*What you have to do*
Filter the listing below down to the lines holding the word "with", and copy those lines.

•••••

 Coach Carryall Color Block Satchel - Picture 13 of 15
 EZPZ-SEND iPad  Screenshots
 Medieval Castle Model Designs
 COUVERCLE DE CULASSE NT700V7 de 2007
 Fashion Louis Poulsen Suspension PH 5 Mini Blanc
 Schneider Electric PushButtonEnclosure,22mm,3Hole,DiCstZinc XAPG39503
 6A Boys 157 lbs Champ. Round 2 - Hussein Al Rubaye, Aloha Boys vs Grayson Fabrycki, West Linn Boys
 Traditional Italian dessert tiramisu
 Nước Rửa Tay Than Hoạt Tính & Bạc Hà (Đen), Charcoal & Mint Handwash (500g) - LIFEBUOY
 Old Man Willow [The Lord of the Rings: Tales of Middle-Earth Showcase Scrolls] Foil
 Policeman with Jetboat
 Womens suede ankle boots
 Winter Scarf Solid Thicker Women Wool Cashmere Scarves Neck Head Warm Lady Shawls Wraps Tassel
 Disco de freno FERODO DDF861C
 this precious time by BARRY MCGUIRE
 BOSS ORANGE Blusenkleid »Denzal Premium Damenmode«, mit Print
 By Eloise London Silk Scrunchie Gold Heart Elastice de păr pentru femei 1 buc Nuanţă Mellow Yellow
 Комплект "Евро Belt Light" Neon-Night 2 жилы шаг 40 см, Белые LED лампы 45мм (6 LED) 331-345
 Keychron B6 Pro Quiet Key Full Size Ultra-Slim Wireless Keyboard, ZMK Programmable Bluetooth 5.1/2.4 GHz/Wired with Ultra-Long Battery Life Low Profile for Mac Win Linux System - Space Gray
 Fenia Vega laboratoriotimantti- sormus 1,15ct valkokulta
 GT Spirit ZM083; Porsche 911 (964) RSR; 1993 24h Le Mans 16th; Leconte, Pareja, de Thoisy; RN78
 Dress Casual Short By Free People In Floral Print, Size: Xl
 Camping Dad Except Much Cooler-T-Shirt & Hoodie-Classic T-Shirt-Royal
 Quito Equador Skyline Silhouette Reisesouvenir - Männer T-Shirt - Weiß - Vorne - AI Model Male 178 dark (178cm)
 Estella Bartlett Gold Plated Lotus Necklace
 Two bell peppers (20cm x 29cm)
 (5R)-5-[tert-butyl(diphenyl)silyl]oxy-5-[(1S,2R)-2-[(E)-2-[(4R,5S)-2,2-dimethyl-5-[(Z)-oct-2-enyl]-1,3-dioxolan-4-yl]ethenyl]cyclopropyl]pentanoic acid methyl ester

•••••

*Answer section*
 Policeman with Jetboat
 Keychron B6 Pro Quiet Key Full Size Ultra-Slim Wireless Keyboard, ZMK Programmable Bluetooth 5.1/2.4 GHz/Wired with Ultra-Long Battery Life Low Profile for Mac Win Linux System - Space Gray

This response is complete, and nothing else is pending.